En Madrid frecuentaba un salón protestante en la calle del Oso, favorito de los gitanos evangélicos, conocidos como aleluyas por sus gritos y los parasoles de sus coches que proclamaban «gloria a Dios, aleluya». En una prédica, un pastor calé argumentaba: «Lo que no ha conseguido la Guardia Civil lo ha conseguido Jesucristo: que seamos honrados».
Sus conocimientos de la Biblia eran monumentales, típicos de un protestante en tierra católica. En una ocasión que llegaron unos Testigos de Jehová a casa les abrieron e invitaron a pasar, ahí ya tenían que haber sospechado algo, avisamos a nuestro hombre viéndole correr a la sala con la Biblia debajo del brazo. Tras señalarles las incoherencias de sus textos sagrados, añadidos y ausencias, con los comunes a todos los cristianos, siguió dándoles un repaso hasta que el listo del grupo de Testigos indicó apresurado que era hora de irse, mientras el aprendiz que le acompañaba mostraba interés en quedarse y escuchar más de la pedagógica charla. No era mal profesor. Se fueron llenos de dudas y con sus certezas tambaleándose.
Casó en segundas nupcias con una mujer católica y andaluza, también de carácter, y cuando ambos chocaban seriamente, que fueron pocas pero alguna hubo, él cogía el tren a Madrid y se tiraba una corta temporada allí antes de regresar a Santa Fe, donde convivían. Sus compañeros de Tráfico de Granada se quedaban a gusto porque en su ausencia no les afeaba sus ligerezas constantes con los horarios laborales entre horas de entrada, de salida y desayunos. Era muy íntegro.
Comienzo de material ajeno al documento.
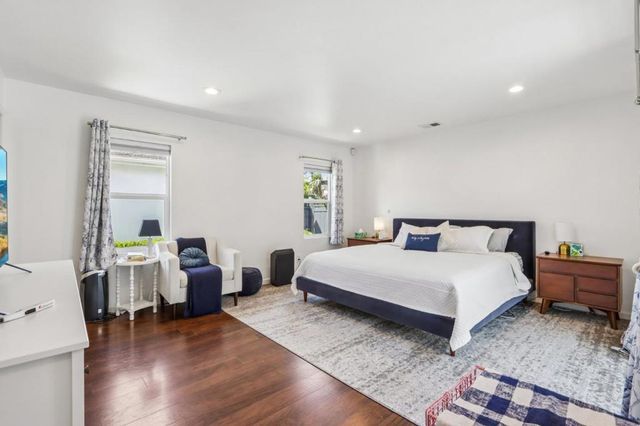 501 Bradley Avenue, San Jose, CA 95128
En la biblioteca del pueblo era tan conocido, posiblemente el más asiduo o el singular, que le dejaban las llaves del centro cuando ellos se iban de vacaciones. También tenía rebajas no solicitadas en el mercadillo pues los gitanos aleluyas le estaban agradecidos porque embistió con éxito, tenía alma de Quijote, a los molinos de viento del poder en forma de alcalde del pueblo que consideró que entre sus atribuciones estaba cerrar el centro protestante de la localidad. No es que fuera su payo culto favorito, era el único.